··· RECORD SET

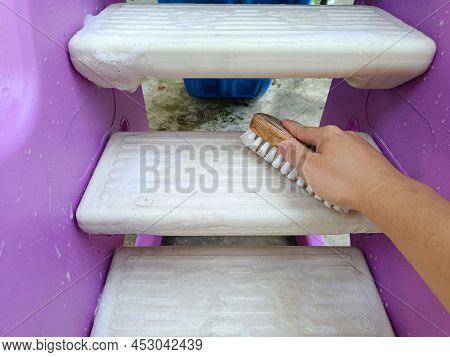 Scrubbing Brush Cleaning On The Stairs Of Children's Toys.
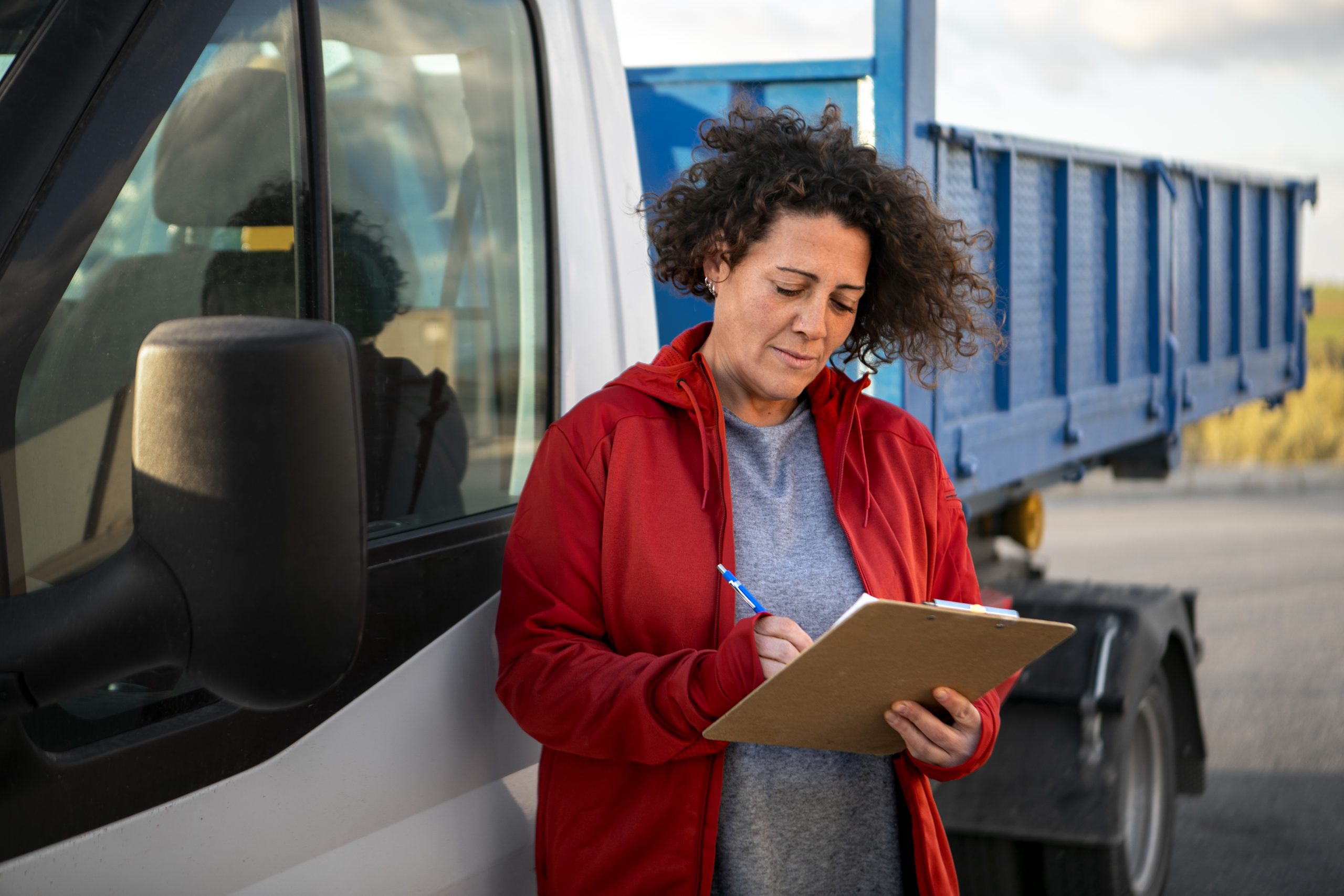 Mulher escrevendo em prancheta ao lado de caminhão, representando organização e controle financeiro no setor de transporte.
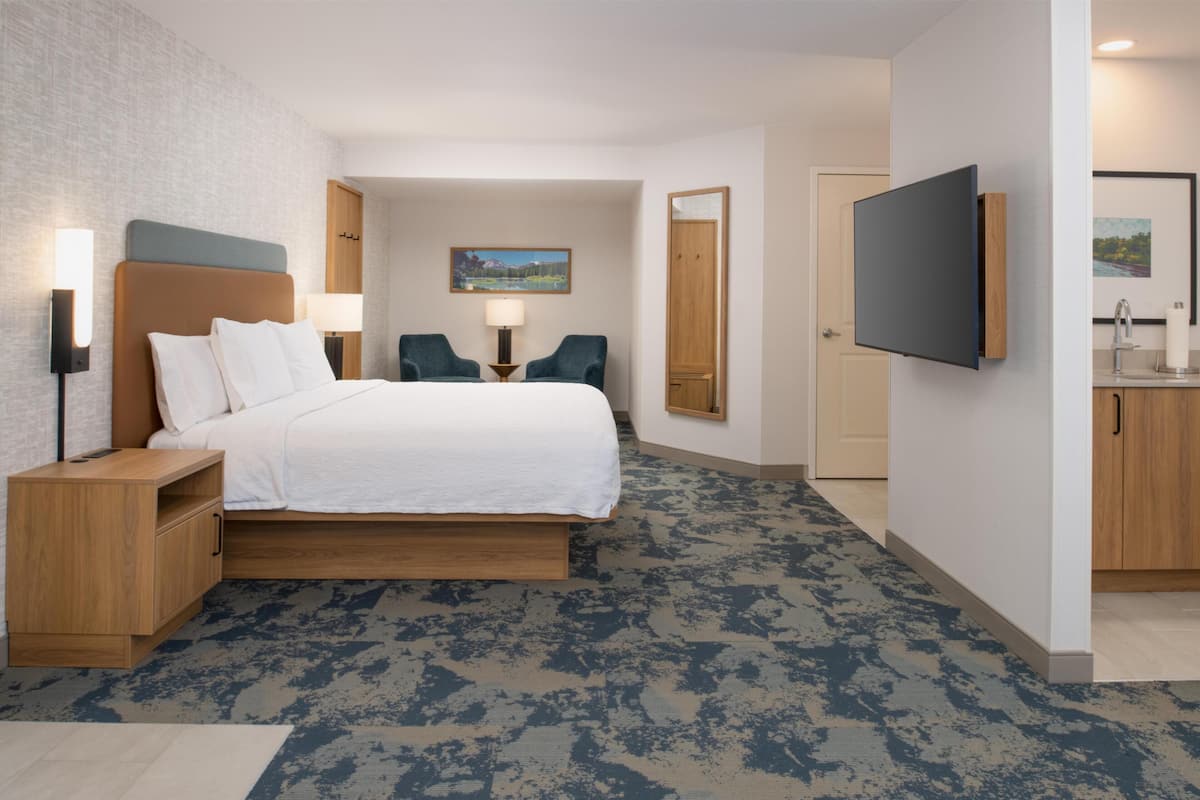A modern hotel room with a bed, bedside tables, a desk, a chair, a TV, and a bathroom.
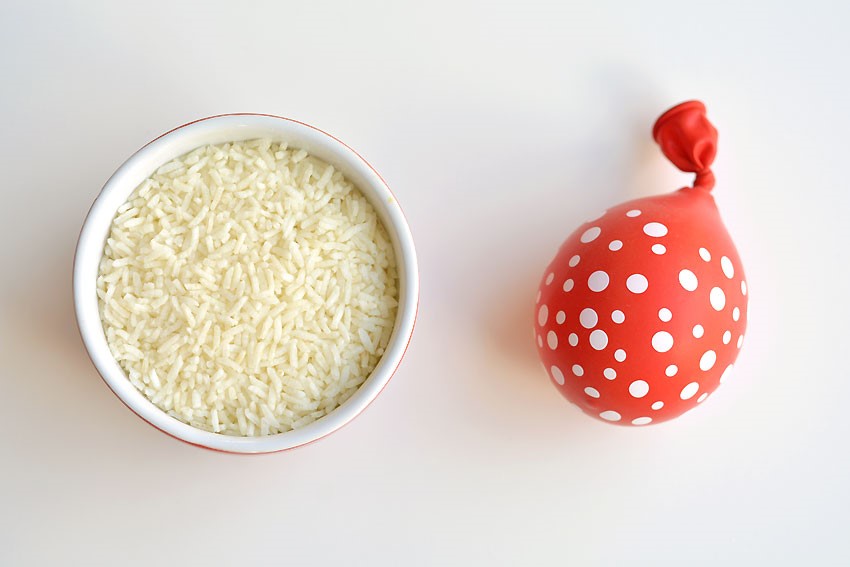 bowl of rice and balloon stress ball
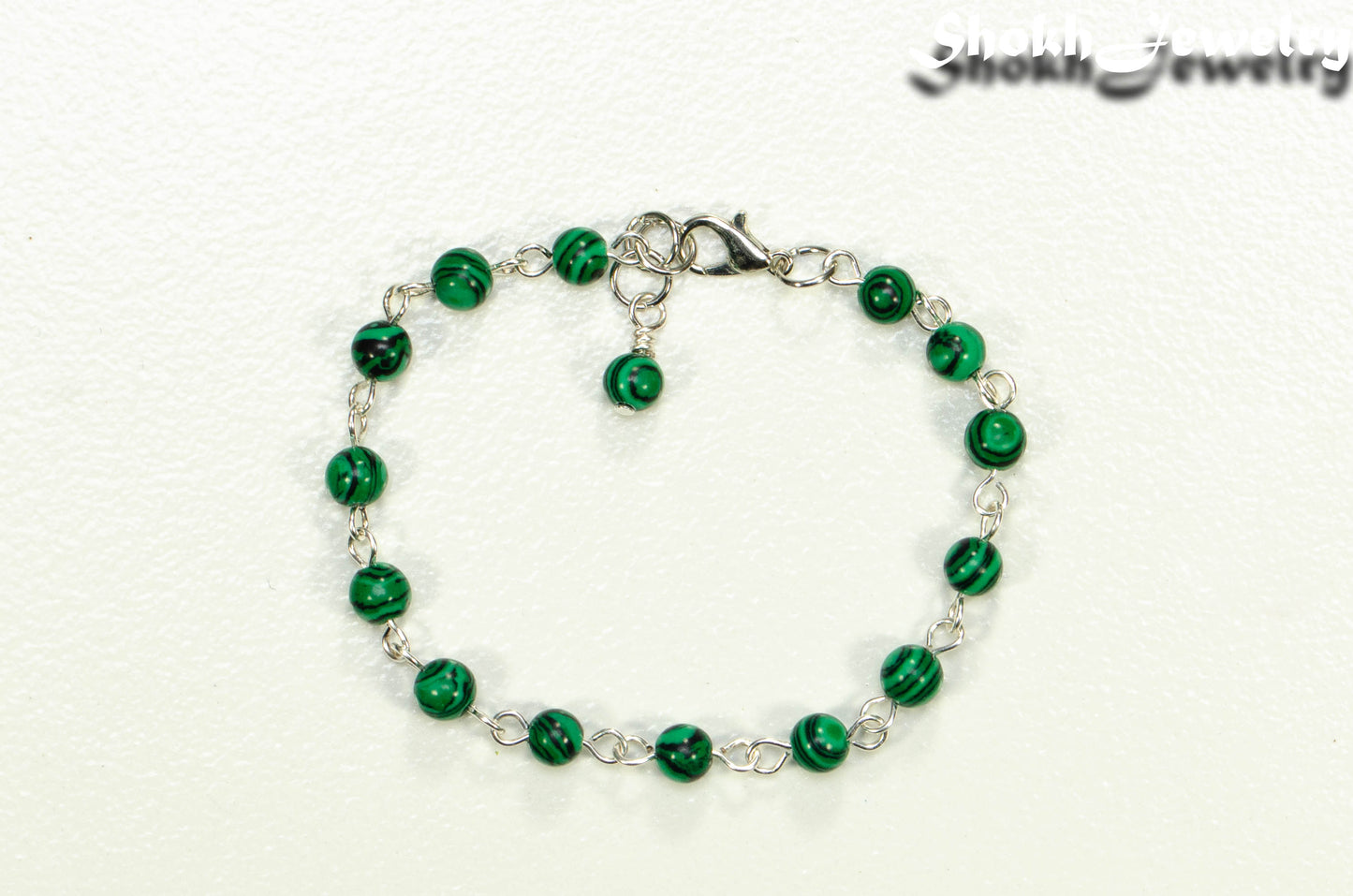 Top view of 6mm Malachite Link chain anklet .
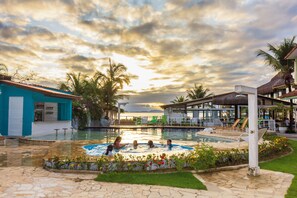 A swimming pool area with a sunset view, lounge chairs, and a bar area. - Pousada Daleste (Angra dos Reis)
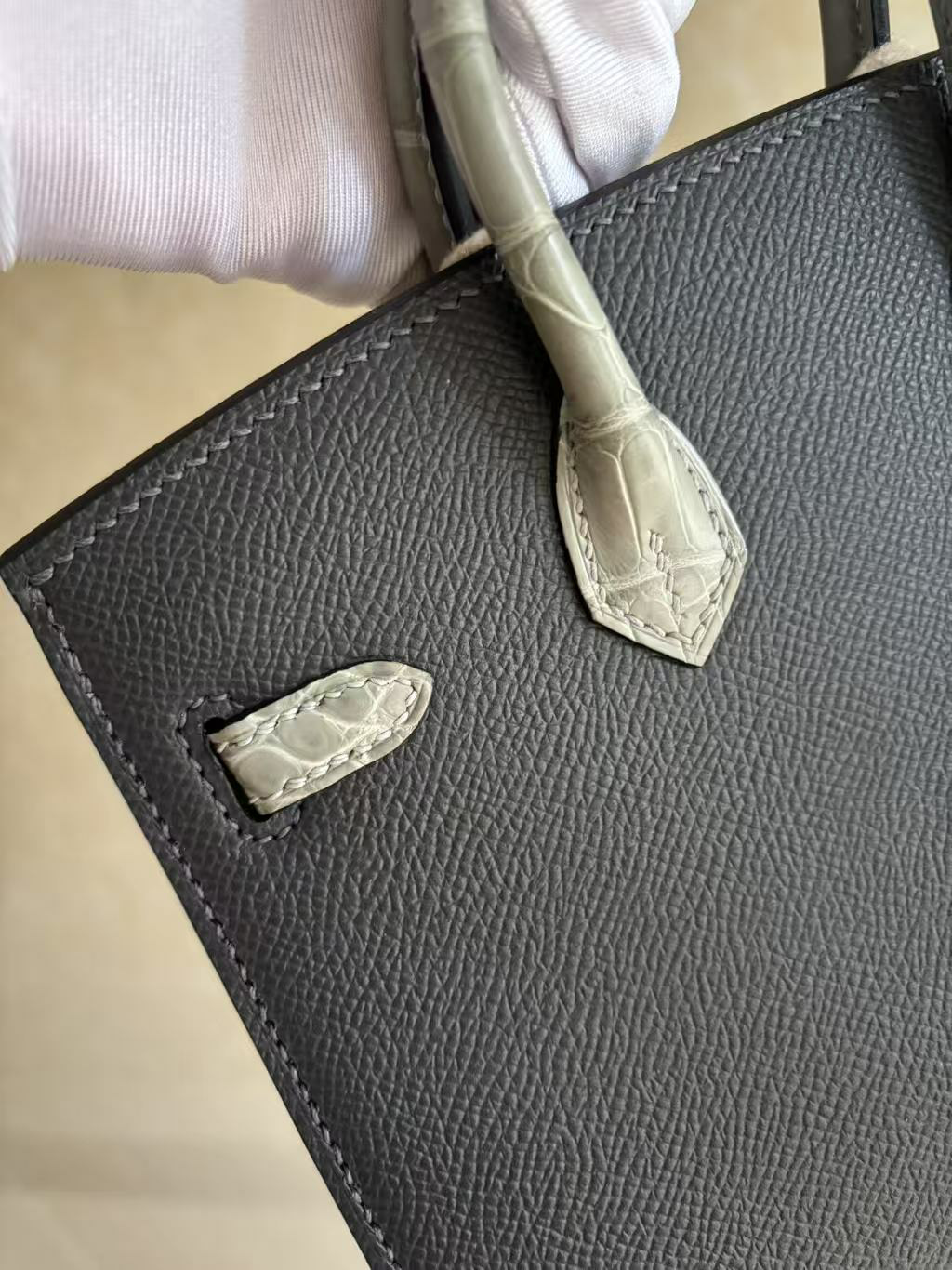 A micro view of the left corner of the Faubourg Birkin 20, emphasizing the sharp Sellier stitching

······

Restate all of the data word for word and include no pictures.

 Scrubbing Brush Cleaning On The Stairs Of Children's Toys.
 Mulher escrevendo em prancheta ao lado de caminhão, representando organização e controle financeiro no setor de transporte.
A modern hotel room with a bed, bedside tables, a desk, a chair, a TV, and a bathroom.
 bowl of rice and balloon stress ball
 Top view of 6mm Malachite Link chain anklet .
 A swimming pool area with a sunset view, lounge chairs, and a bar area. - Pousada Daleste (Angra dos Reis)
 A micro view of the left corner of the Faubourg Birkin 20, emphasizing the sharp Sellier stitching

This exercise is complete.